* [Data block]
○ ○ ○

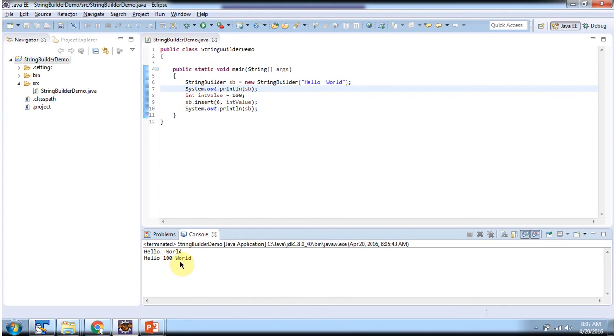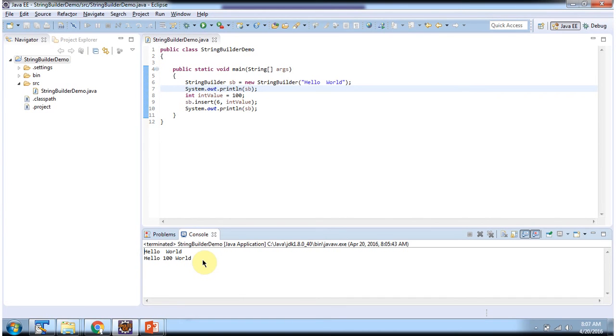And here you can see the value 100 is inserted between hello and world. And this is about insert method of StringBuilder. Thanks for watching.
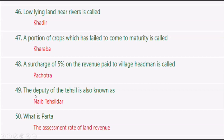The deputy of the Tehsil is also known as Naib Tehsildar. What is Partah?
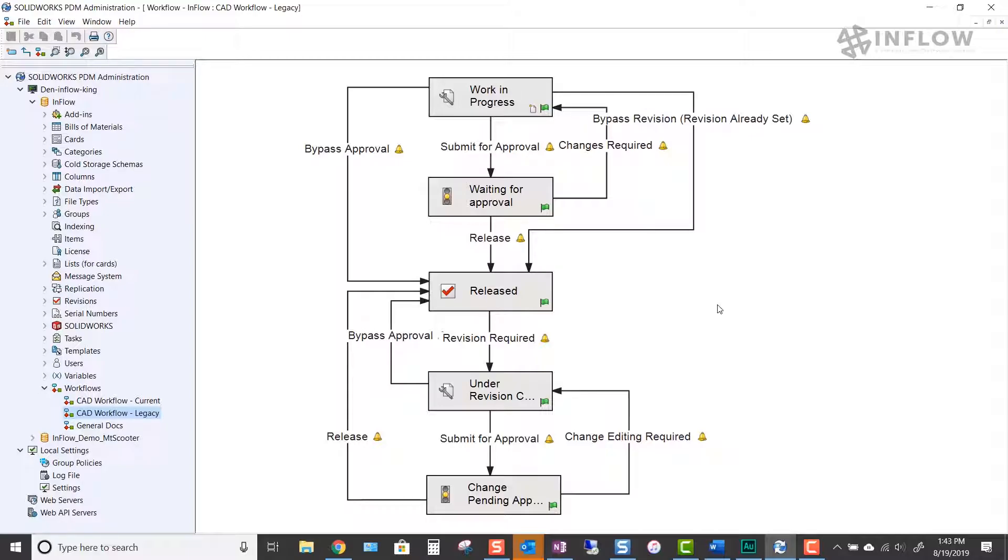For this modification, we would like to add a non-revision change loop to our workflow. This loop is intended for minor changes that do not impact our form, fit, or function. Let's jump into building our workflow modification.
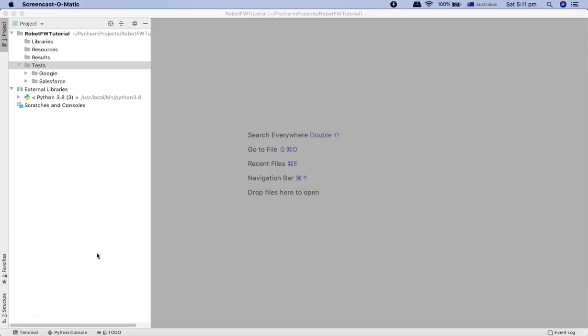Hello and welcome to Robot Framework tutorial. In the previous tutorial, we have seen how to create the project and then the basic structure or the folder structure that will be following in the Robot Framework automation.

○ ○ ○

* [Task to complete] From the first line to the last, retype the data above exactly, but not its images.

* [Response for this exercise]
And here you can see the value 100 is inserted between hello and world. And this is about insert method of StringBuilder. Thanks for watching.
The deputy of the Tehsil is also known as Naib Tehsildar. What is Partah?
For this modification, we would like to add a non-revision change loop to our workflow. This loop is intended for minor changes that do not impact our form, fit, or function. Let's jump into building our workflow modification.
Hello and welcome to Robot Framework tutorial. In the previous tutorial, we have seen how to create the project and then the basic structure or the folder structure that will be following in the Robot Framework automation.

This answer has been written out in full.